Transcribe each entry exactly, without pictures.
========
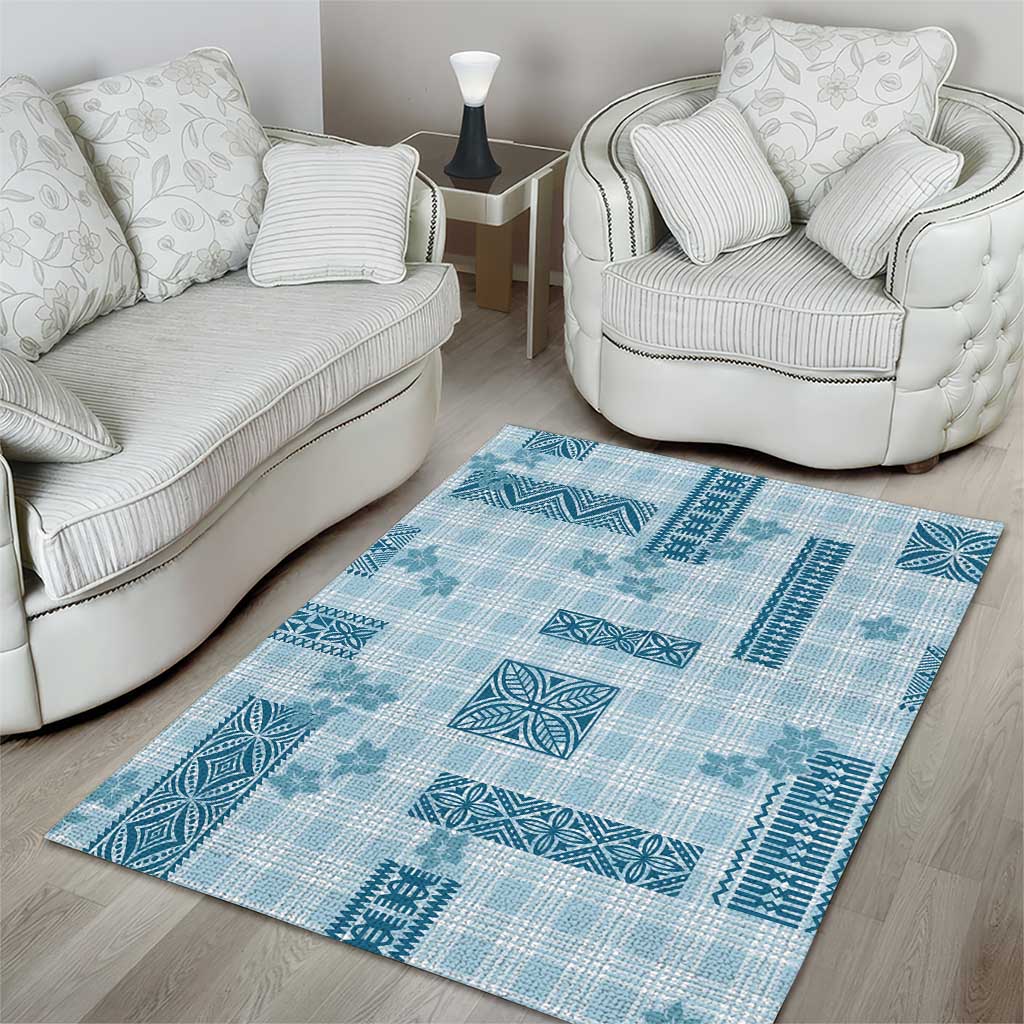 Hawaiian Quilt Tapa On Cold Blue Palaka Motifs Area Rug LT7 - Polynesian Pride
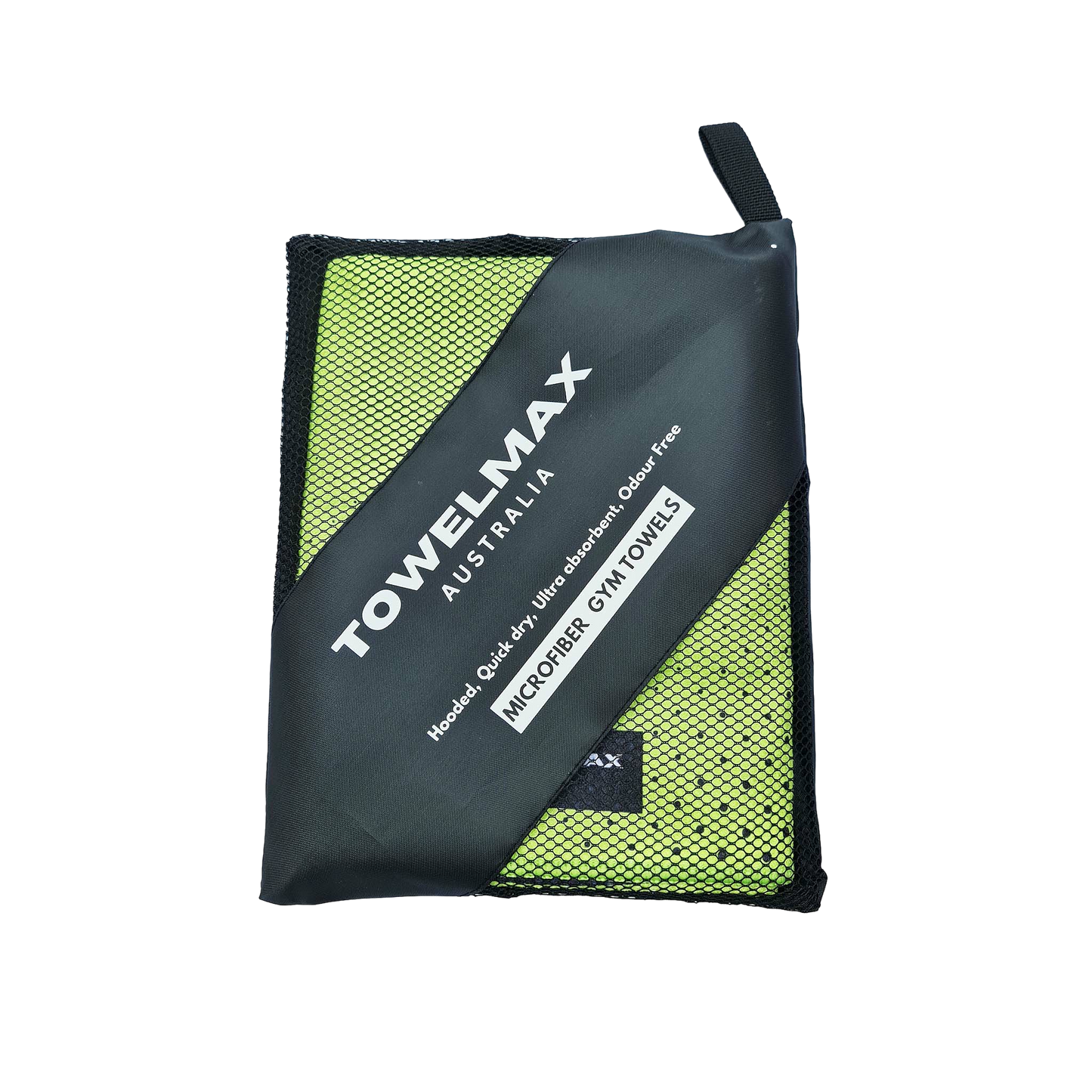 Hooded gym towel-green, waffle microfiber, package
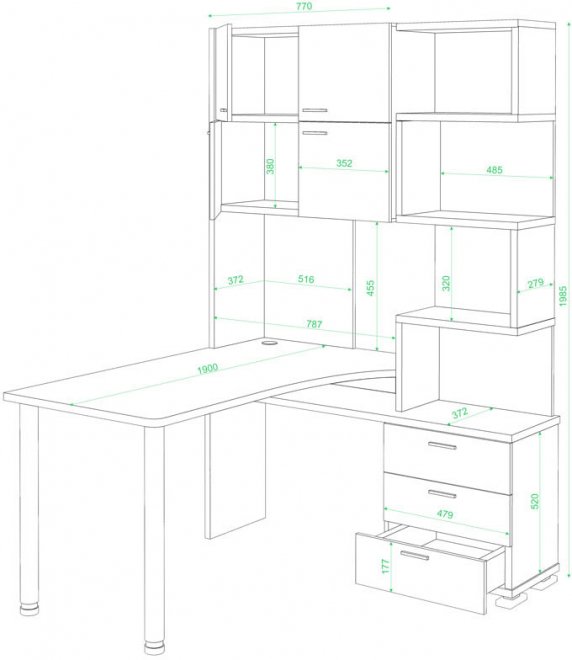 Стол компьютерный Жаспера-500М / 190 правый белый жемчуг
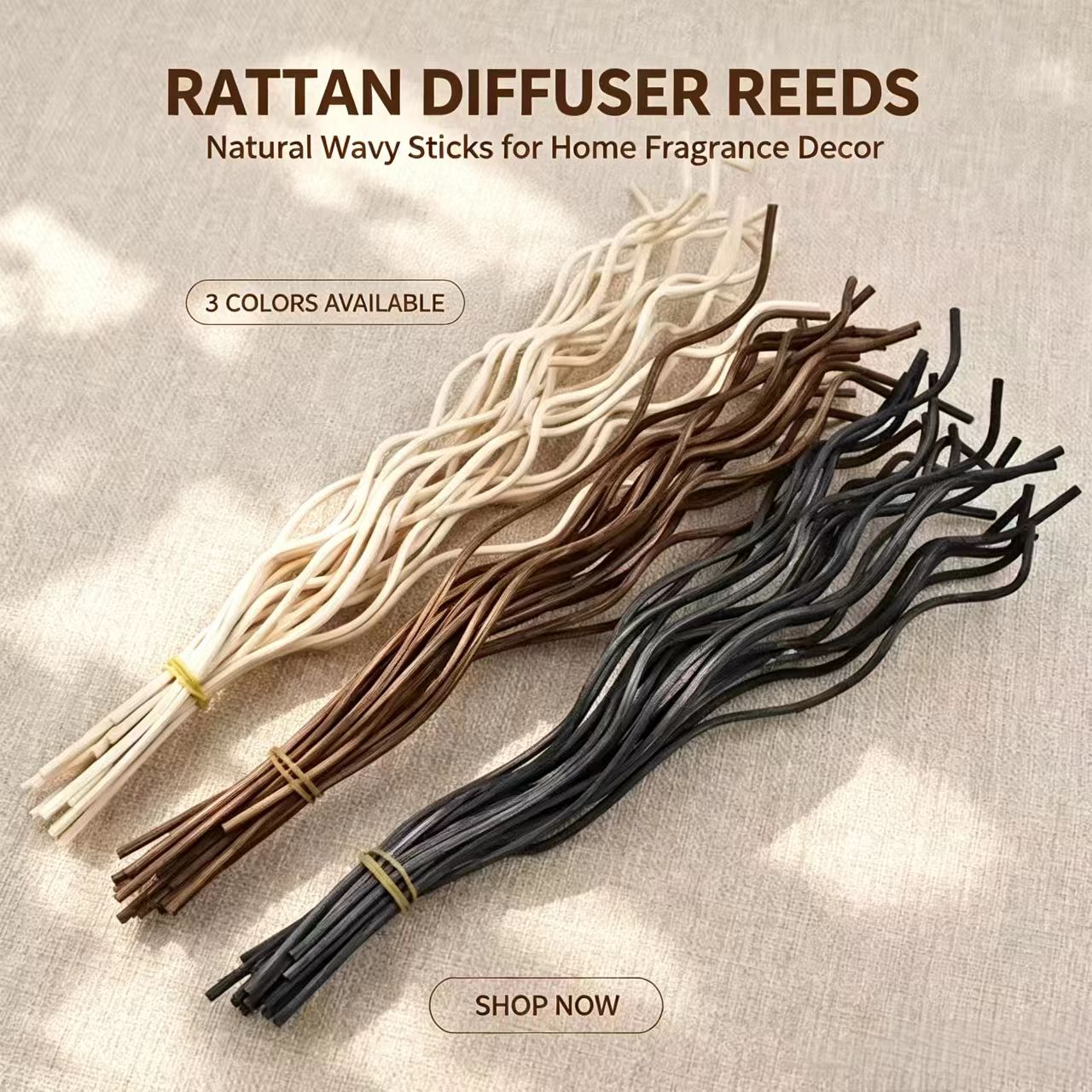 Home Fragrance Diffuser Refills - 20 Stück Lange Wellenförmige Rattan-Duftstäbchen, Duftspender-Ersatz,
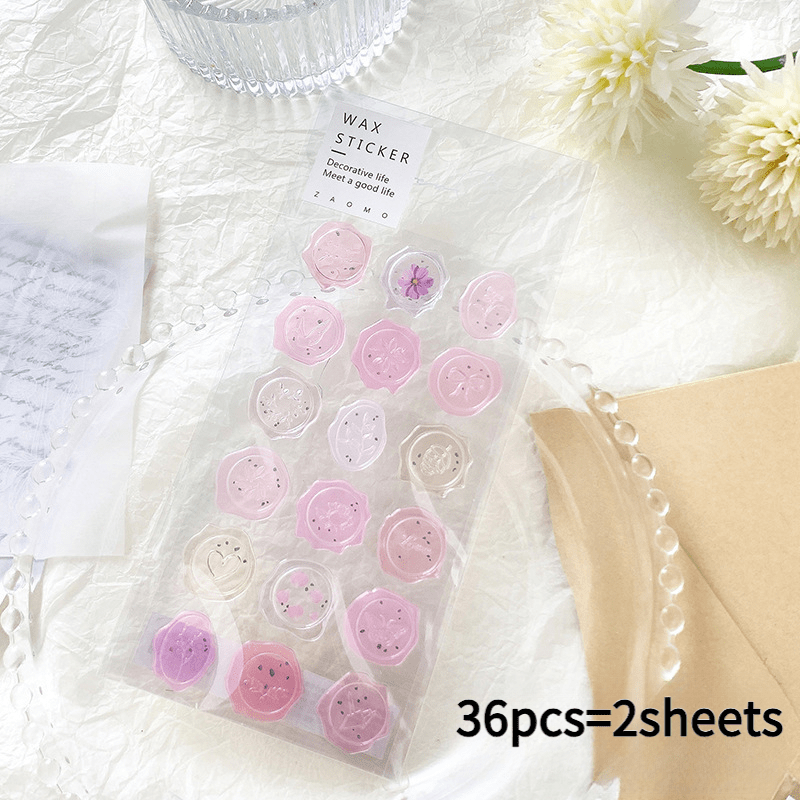 Image of 36pcs Vintage Wax Seal Candy Stickers For Scrapbooking, Journaling, Stationery, And Art Supplies, Seal Stickers For Envelope Sealing And Journal Decoration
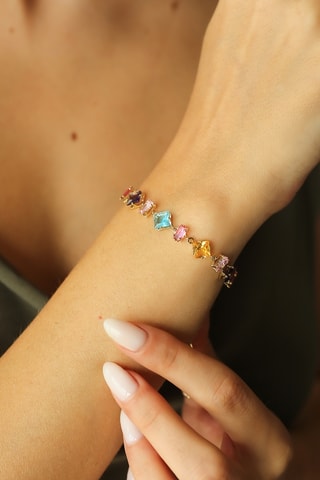 Bracelet - Plaqué or jaune et zircons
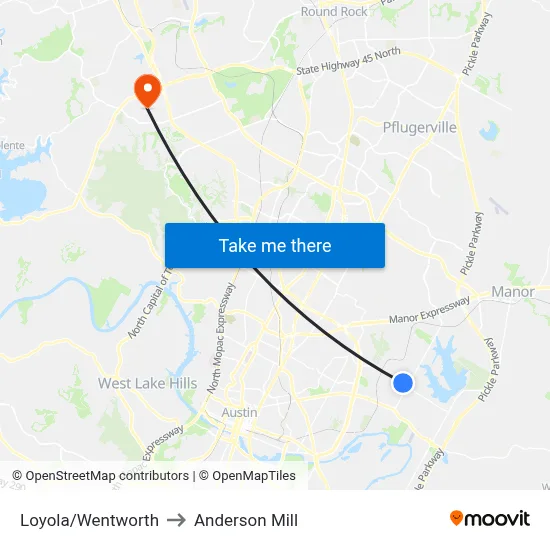 Loyola/Wentworth to Anderson Mill map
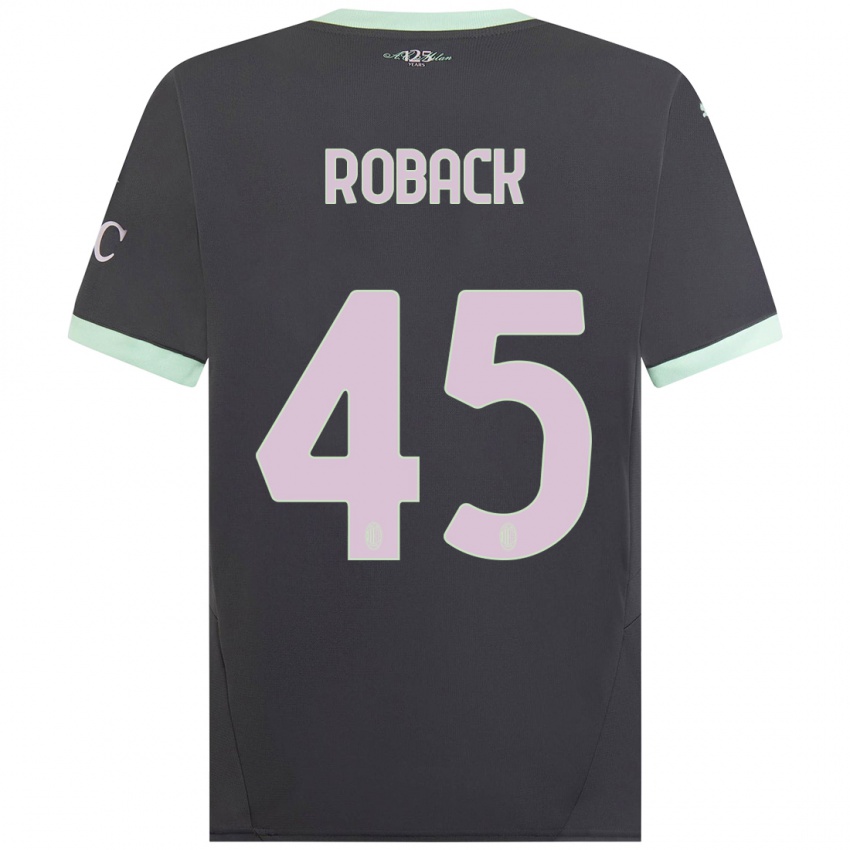 Niño Camiseta Emil Roback #45 Gris Equipación Tercera 2024/25 La Camisa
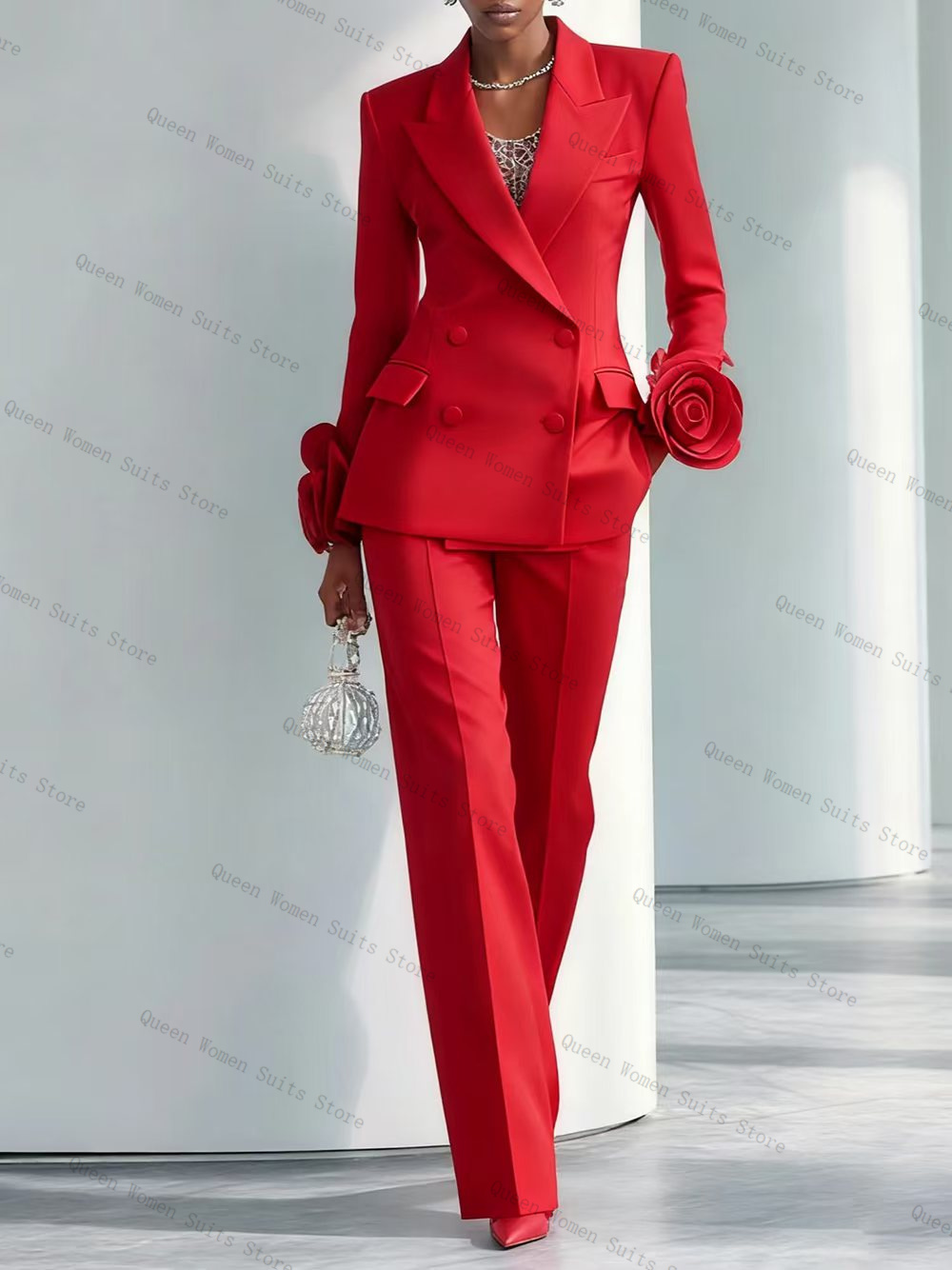 Luxury Red Women Suit Set 2 Pc - Women Formal Wear Trousers ulasan dan harga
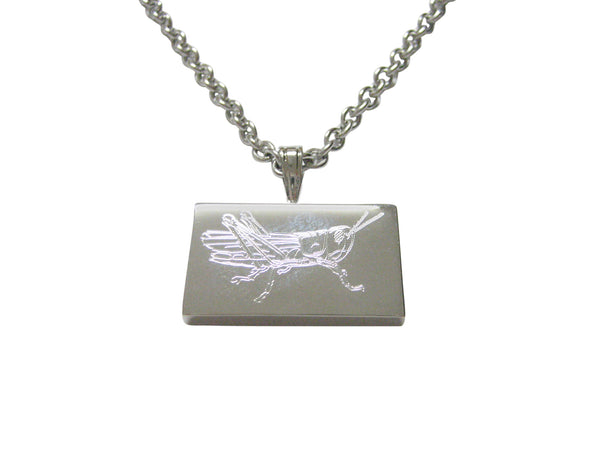 Silver Toned Etched Grasshopper Locust Insect Pendant Necklace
========
• Answer space:
 Hawaiian Quilt Tapa On Cold Blue Palaka Motifs Area Rug LT7 - Polynesian Pride
 Hooded gym towel-green, waffle microfiber, package
 Стол компьютерный Жаспера-500М / 190 правый белый жемчуг
 Home Fragrance Diffuser Refills - 20 Stück Lange Wellenförmige Rattan-Duftstäbchen, Duftspender-Ersatz,
 Image of 36pcs Vintage Wax Seal Candy Stickers For Scrapbooking, Journaling, Stationery, And Art Supplies, Seal Stickers For Envelope Sealing And Journal Decoration
 Bracelet - Plaqué or jaune et zircons
 Loyola/Wentworth to Anderson Mill map
 Niño Camiseta Emil Roback #45 Gris Equipación Tercera 2024/25 La Camisa
 Luxury Red Women Suit Set 2 Pc - Women Formal Wear Trousers ulasan dan harga
 Silver Toned Etched Grasshopper Locust Insect Pendant Necklace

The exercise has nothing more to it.